§ **What this task involves**
Starting from the top of the entries below and ending with the line containing "Elegant wedding reception", restate every line word for word, pictures omitted.

§ **Available data**

*** Begin section ***

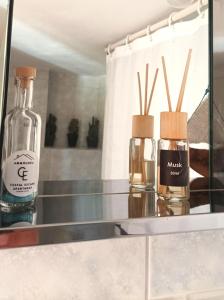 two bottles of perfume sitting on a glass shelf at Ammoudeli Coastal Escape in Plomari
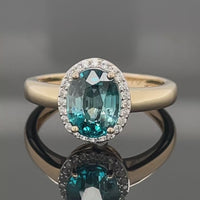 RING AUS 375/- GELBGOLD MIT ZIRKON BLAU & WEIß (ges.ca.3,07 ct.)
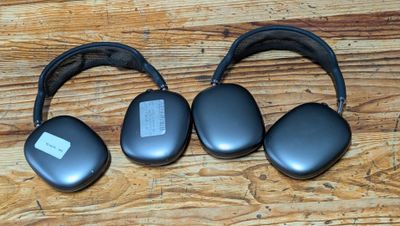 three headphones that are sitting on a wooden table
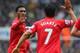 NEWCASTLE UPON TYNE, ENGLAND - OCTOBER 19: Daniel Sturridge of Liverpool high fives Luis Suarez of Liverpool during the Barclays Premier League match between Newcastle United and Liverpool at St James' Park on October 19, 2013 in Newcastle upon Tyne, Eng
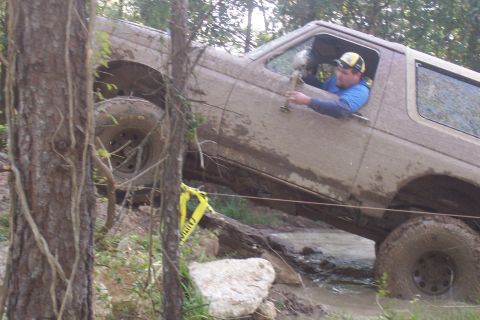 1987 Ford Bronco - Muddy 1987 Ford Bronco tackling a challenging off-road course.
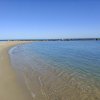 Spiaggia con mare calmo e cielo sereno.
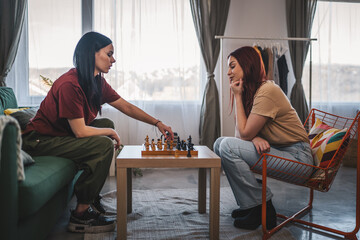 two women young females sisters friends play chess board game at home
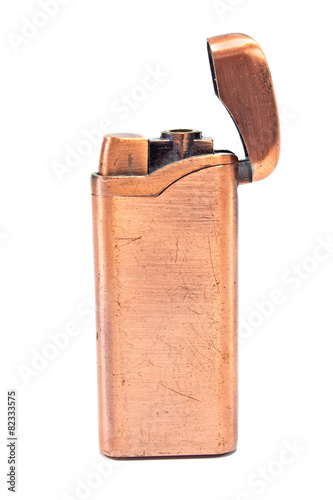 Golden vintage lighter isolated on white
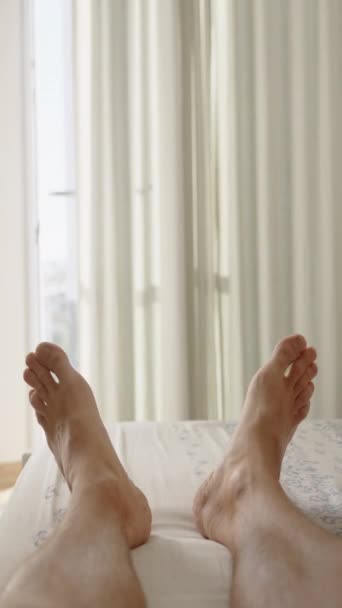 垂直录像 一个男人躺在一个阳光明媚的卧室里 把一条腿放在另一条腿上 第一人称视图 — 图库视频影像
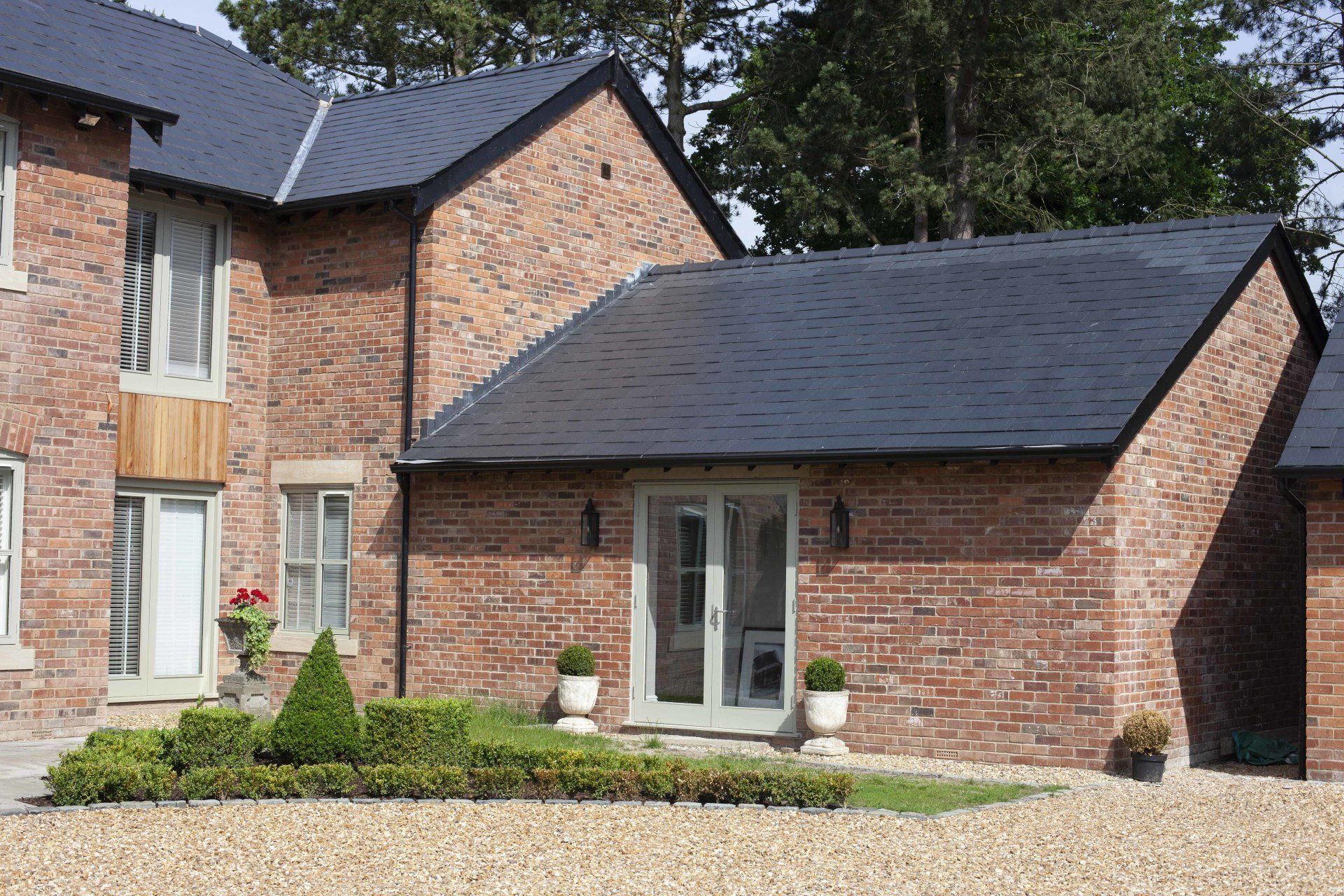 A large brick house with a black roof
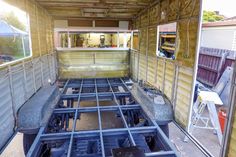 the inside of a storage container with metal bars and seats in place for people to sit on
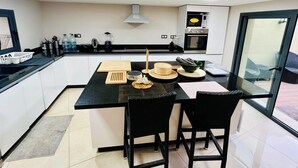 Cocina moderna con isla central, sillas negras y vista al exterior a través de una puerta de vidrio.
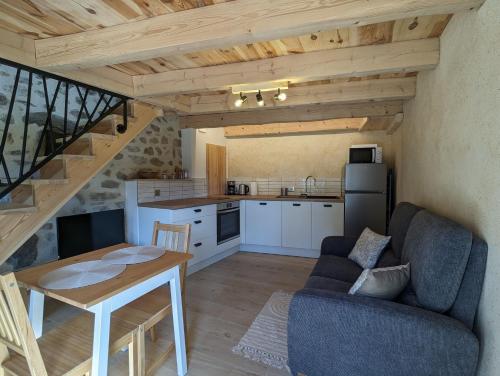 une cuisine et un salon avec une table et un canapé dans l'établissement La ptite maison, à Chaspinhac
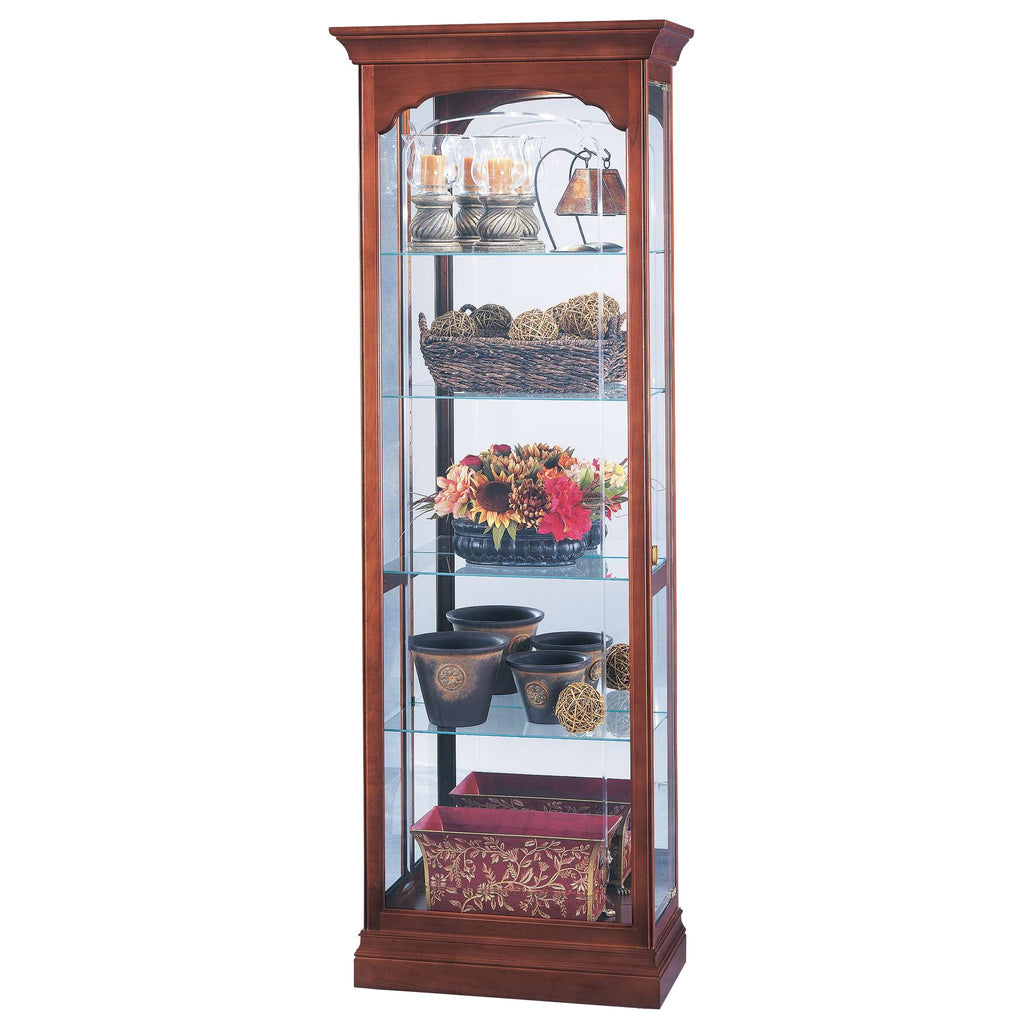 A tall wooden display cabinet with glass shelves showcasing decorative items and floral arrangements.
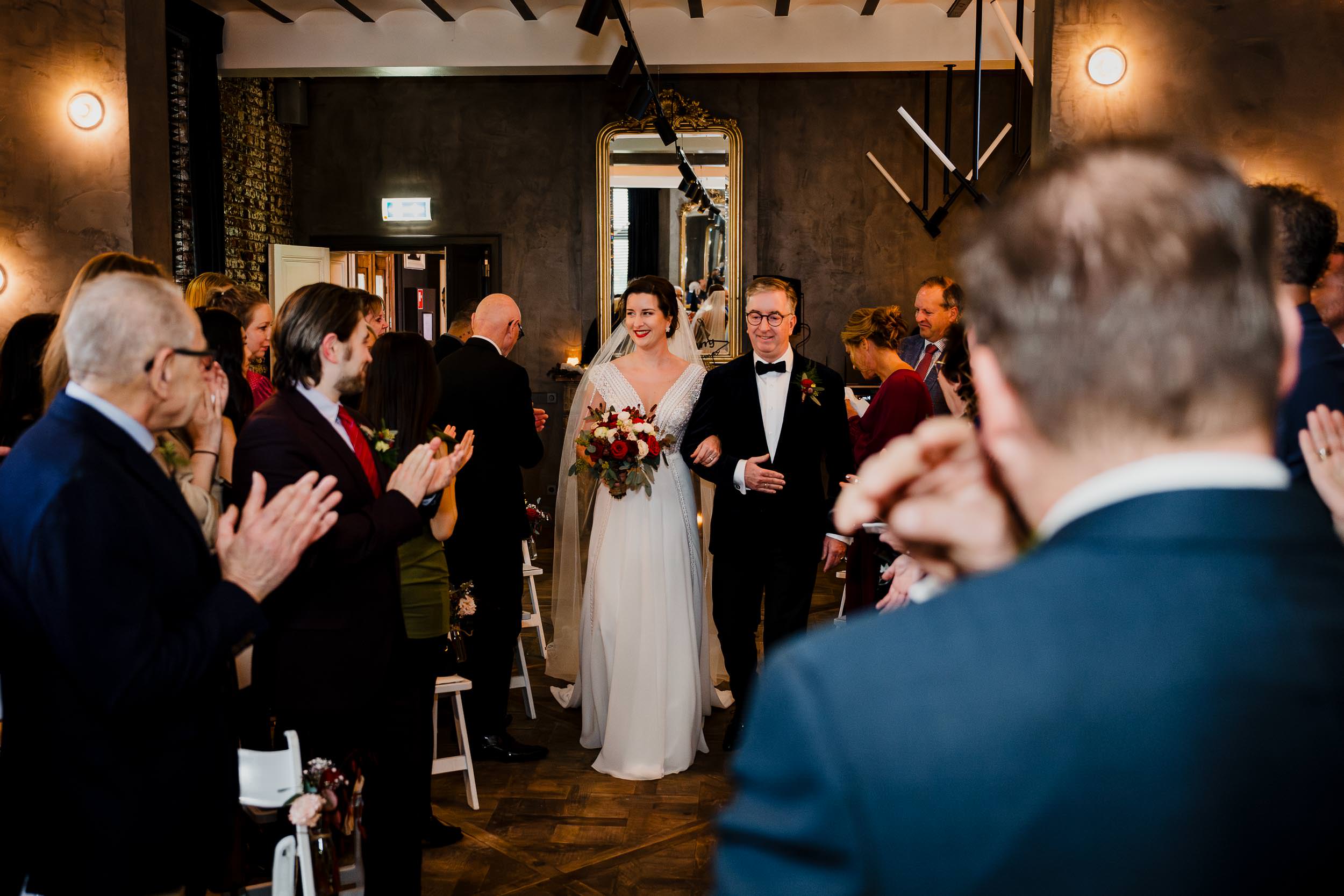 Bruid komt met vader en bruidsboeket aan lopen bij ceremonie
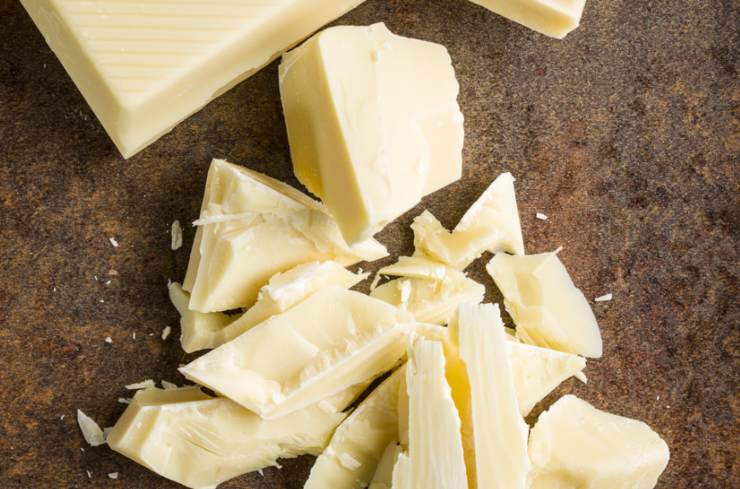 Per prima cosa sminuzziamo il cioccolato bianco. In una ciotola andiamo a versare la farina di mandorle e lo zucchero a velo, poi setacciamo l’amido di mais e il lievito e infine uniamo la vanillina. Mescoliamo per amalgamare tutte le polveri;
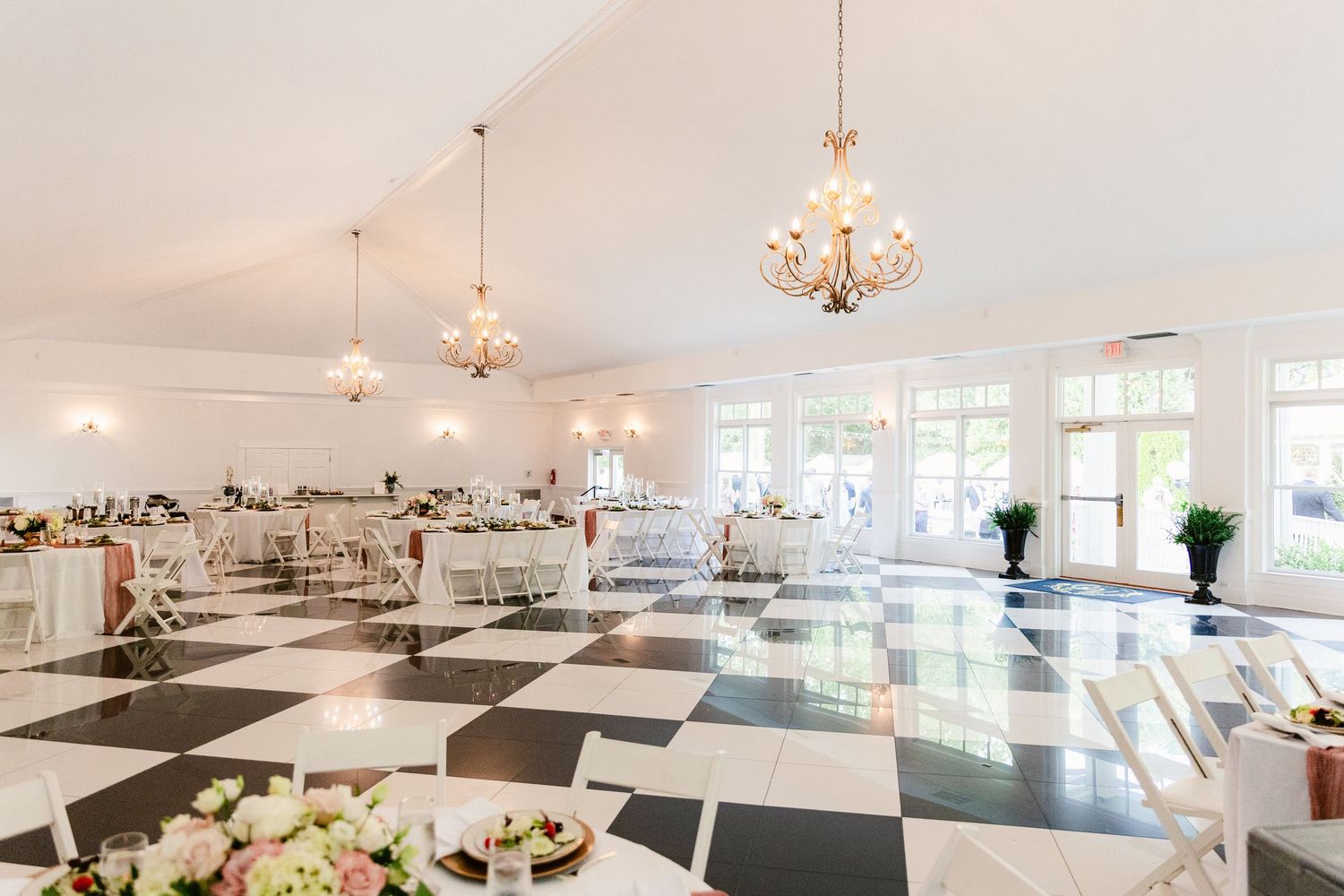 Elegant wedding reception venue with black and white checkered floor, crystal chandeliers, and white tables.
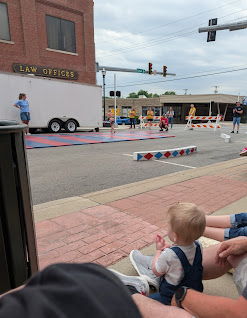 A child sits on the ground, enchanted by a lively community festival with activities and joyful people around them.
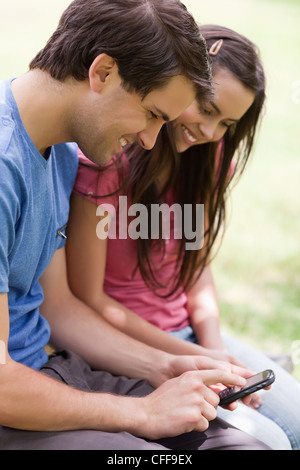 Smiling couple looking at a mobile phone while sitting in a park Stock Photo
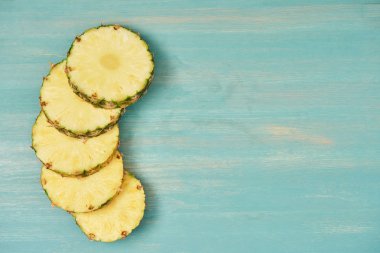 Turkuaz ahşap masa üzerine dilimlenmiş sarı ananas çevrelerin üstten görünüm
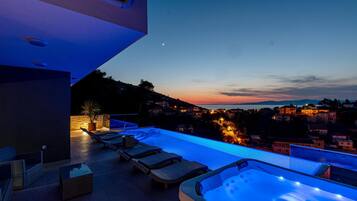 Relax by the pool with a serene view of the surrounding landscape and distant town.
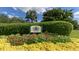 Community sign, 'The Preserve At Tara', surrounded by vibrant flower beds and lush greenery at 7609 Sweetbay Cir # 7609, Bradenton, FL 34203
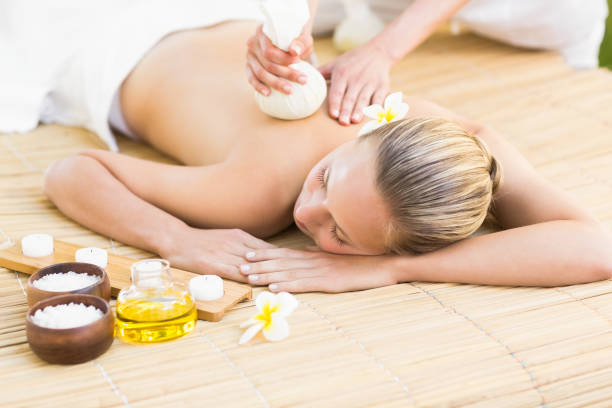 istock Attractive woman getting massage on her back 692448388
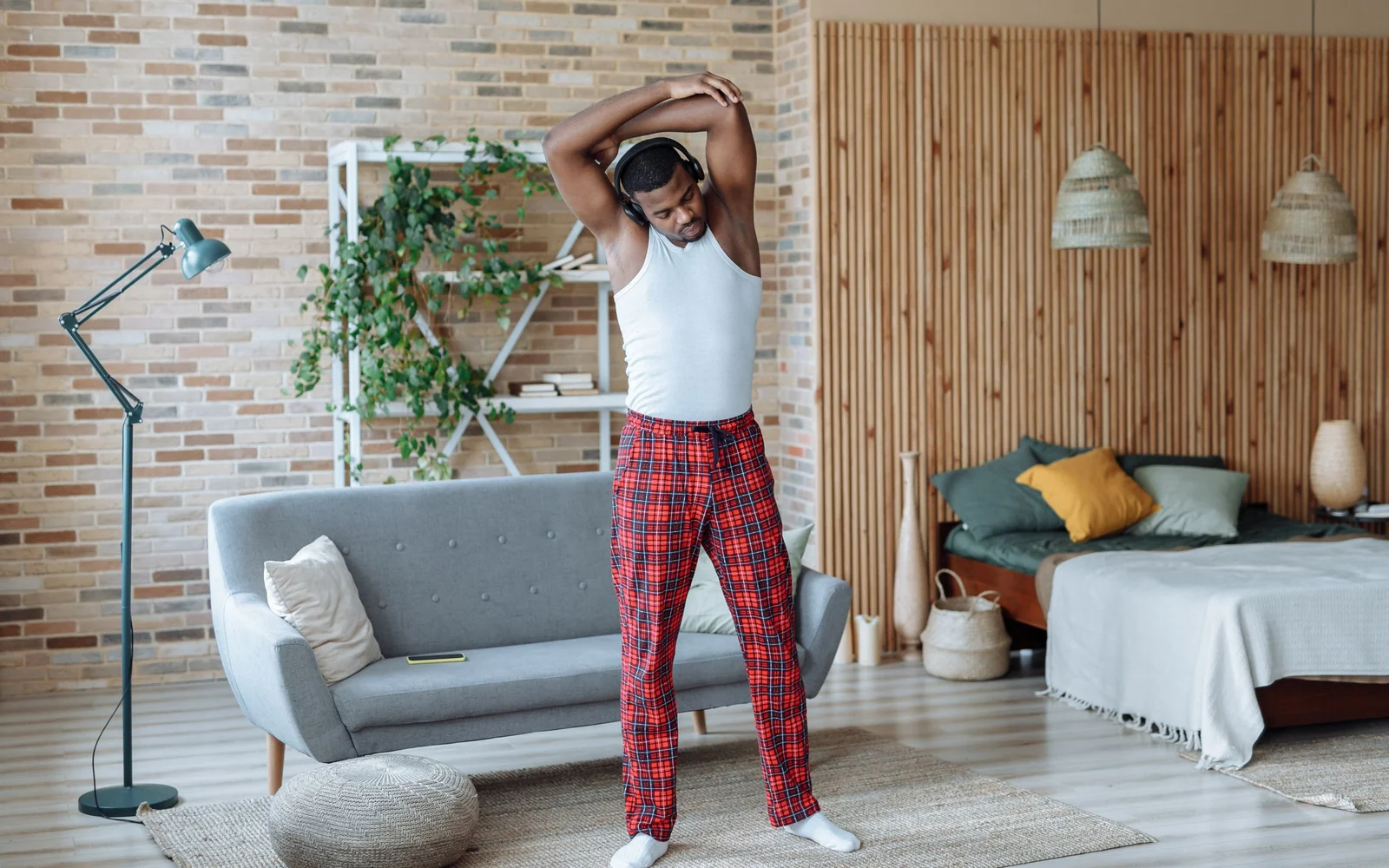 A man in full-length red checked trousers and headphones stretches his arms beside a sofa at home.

*** End section ***

§ **Answer box**
 two bottles of perfume sitting on a glass shelf at Ammoudeli Coastal Escape in Plomari
 RING AUS 375/- GELBGOLD MIT ZIRKON BLAU & WEIß (ges.ca.3,07 ct.)
 three headphones that are sitting on a wooden table
 NEWCASTLE UPON TYNE, ENGLAND - OCTOBER 19: Daniel Sturridge of Liverpool high fives Luis Suarez of Liverpool during the Barclays Premier League match between Newcastle United and Liverpool at St James' Park on October 19, 2013 in Newcastle upon Tyne, Eng
 1987 Ford Bronco - Muddy 1987 Ford Bronco tackling a challenging off-road course.
 Spiaggia con mare calmo e cielo sereno.
 two women young females sisters friends play chess board game at home
 Golden vintage lighter isolated on white
 垂直录像 一个男人躺在一个阳光明媚的卧室里 把一条腿放在另一条腿上 第一人称视图 — 图库视频影像
 A large brick house with a black roof
 the inside of a storage container with metal bars and seats in place for people to sit on
 Cocina moderna con isla central, sillas negras y vista al exterior a través de una puerta de vidrio.
 une cuisine et un salon avec une table et un canapé dans l'établissement La ptite maison, à Chaspinhac
 A tall wooden display cabinet with glass shelves showcasing decorative items and floral arrangements.
 Bruid komt met vader en bruidsboeket aan lopen bij ceremonie
 Per prima cosa sminuzziamo il cioccolato bianco. In una ciotola andiamo a versare la farina di mandorle e lo zucchero a velo, poi setacciamo l’amido di mais e il lievito e infine uniamo la vanillina. Mescoliamo per amalgamare tutte le polveri;
 Elegant wedding reception venue with black and white checkered floor, crystal chandeliers, and white tables.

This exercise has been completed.